[Records drawn from a dataset]
=== Begin Enclosure ===

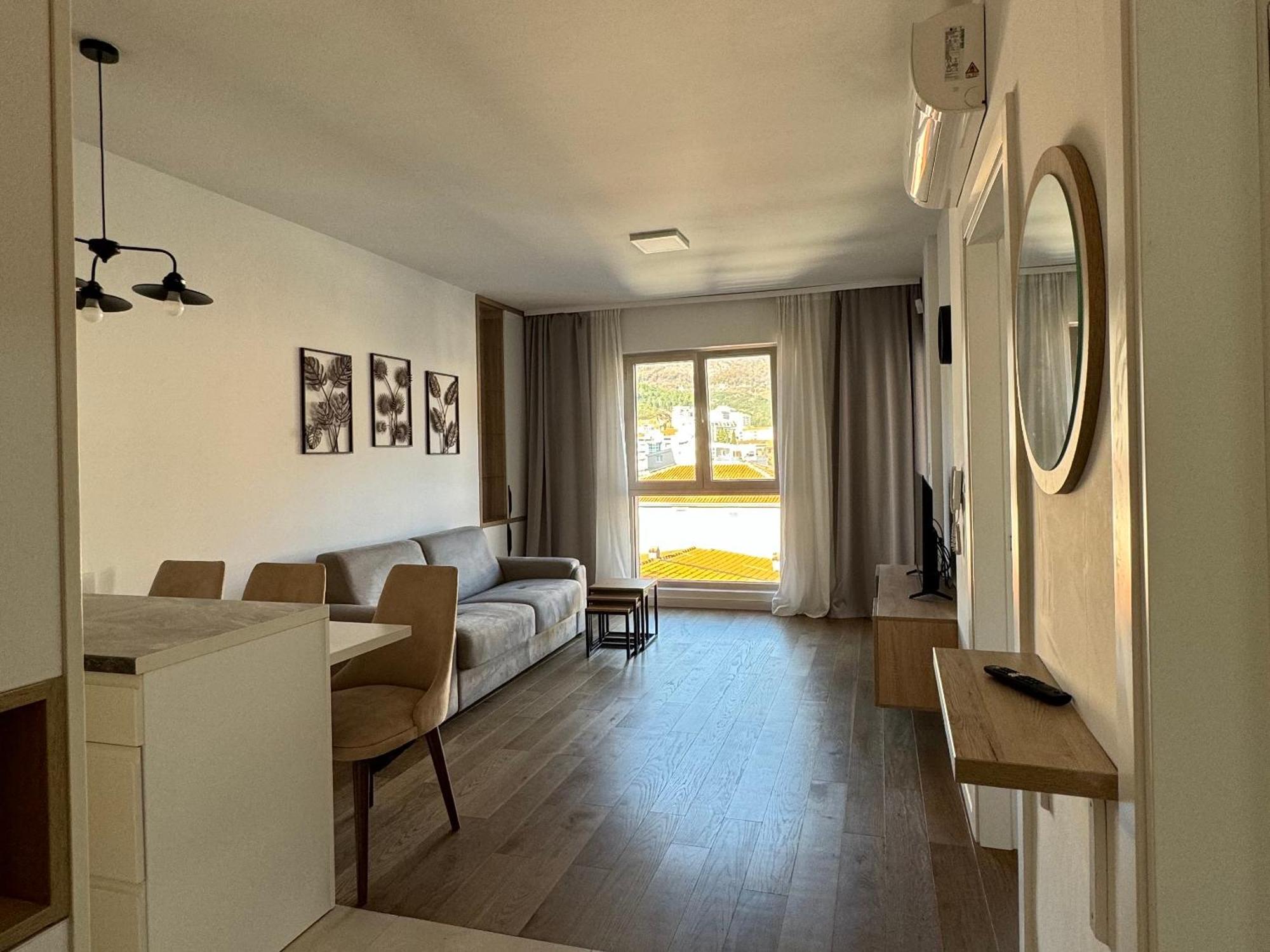 Apartments Lora Zmajeva, 7 Budva Kültér fotó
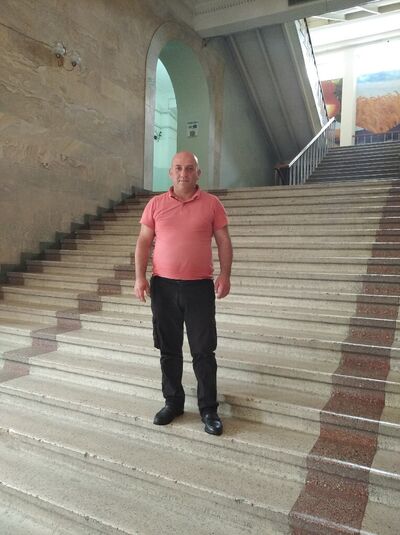  ,   Artur, 49 ,   ,   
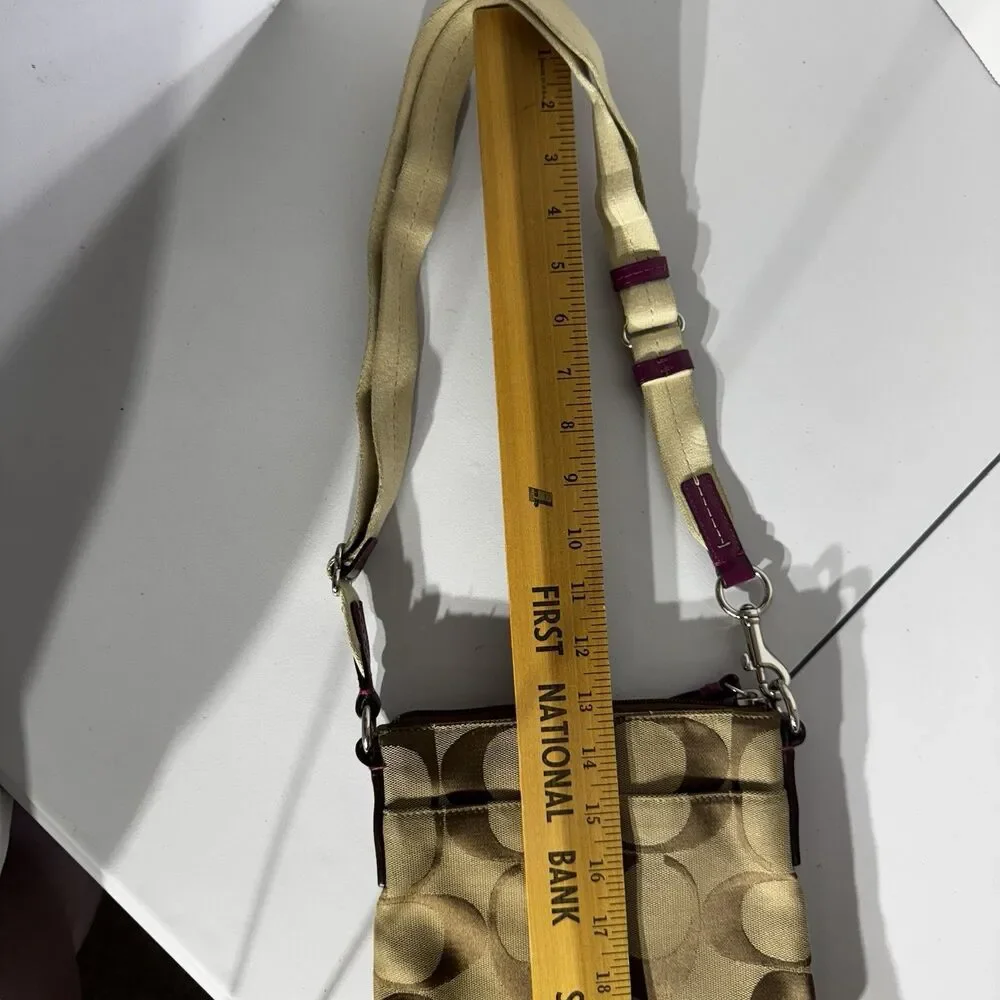 Coach Signature Stripe Shoulder Bag‎ Crossbody Swingpack Berry
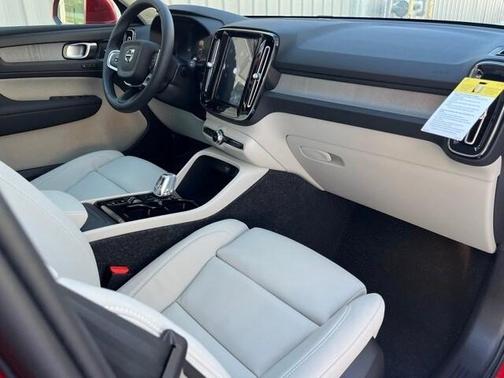 2025 Volvo XC40 B5 Ultra Bright Theme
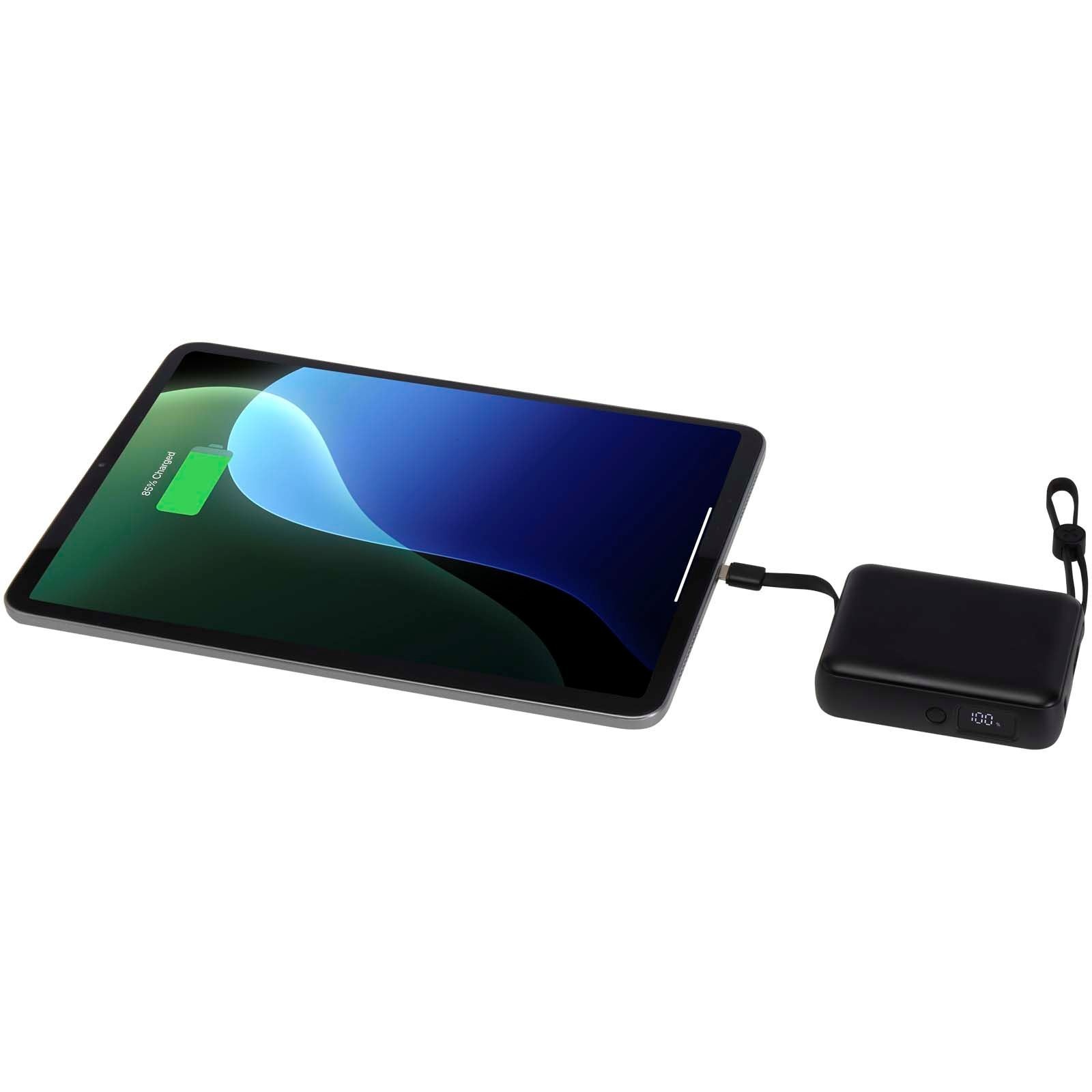 Batterie externe Acrux de 10 000 mAh et 35 W pour tablette avec câble Type-C intégré - fabriquée en plastique recyclé 10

=== End Enclosure ===

Exercise prompt:
Without including any pictures, please restate all the records exactly.

Solution below:
 Apartments Lora Zmajeva, 7 Budva Kültér fotó
  ,   Artur, 49 ,   ,   
 Coach Signature Stripe Shoulder Bag‎ Crossbody Swingpack Berry
 2025 Volvo XC40 B5 Ultra Bright Theme
 Batterie externe Acrux de 10 000 mAh et 35 W pour tablette avec câble Type-C intégré - fabriquée en plastique recyclé 10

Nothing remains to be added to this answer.